■ **Work order**:
Please transcribe exactly the line that holds "- Mackay Tourism" and all lines that follow it to the end of the records below, omitting any pictures.

■ **Data to process**:

__________________________________________________

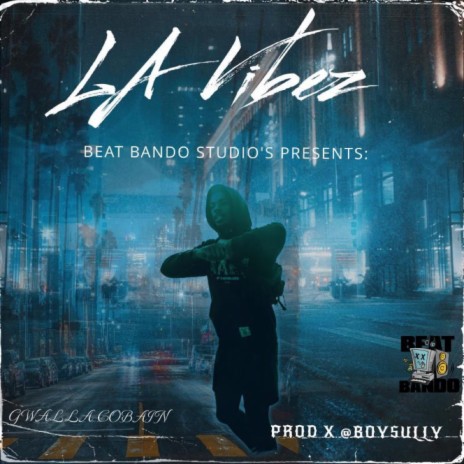 LA Vibez | Boomplay Music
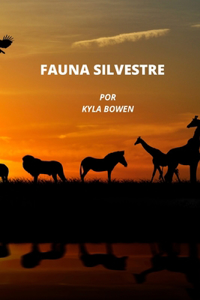 Fauna Silvestre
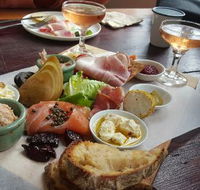 Tasmanian Food  Wine Conservatory - Mackay Tourism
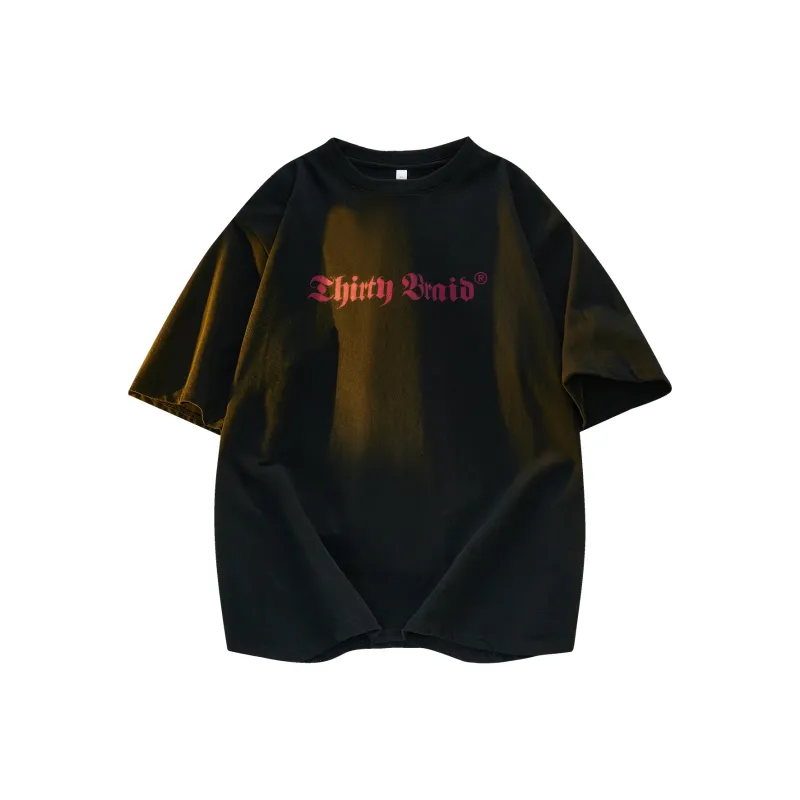 30BRAID T Shirts Unisex-0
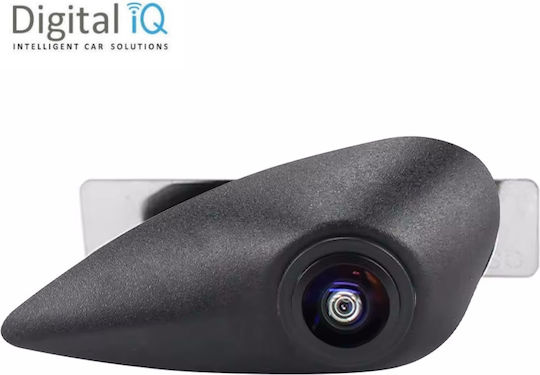 Digital Iq Camera Qs8238 Ahd-ntsc Front Camera Hyundai Santa Fe Mod 2018-2023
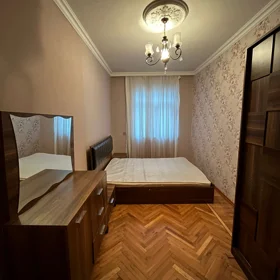 In Baku 60.0 m² apartment is for rent - Image 3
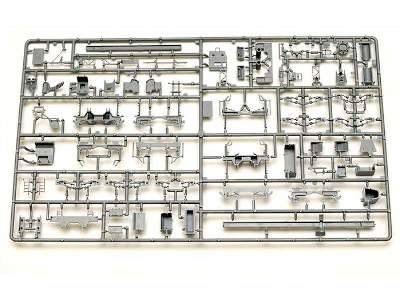 RT-2PM Topol - SS-25 Sicle - zdjęcie 12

__________________________________________________

■ **Exercise output**:
 Tasmanian Food  Wine Conservatory - Mackay Tourism
 30BRAID T Shirts Unisex-0
 Digital Iq Camera Qs8238 Ahd-ntsc Front Camera Hyundai Santa Fe Mod 2018-2023
 In Baku 60.0 m² apartment is for rent - Image 3
 RT-2PM Topol - SS-25 Sicle - zdjęcie 12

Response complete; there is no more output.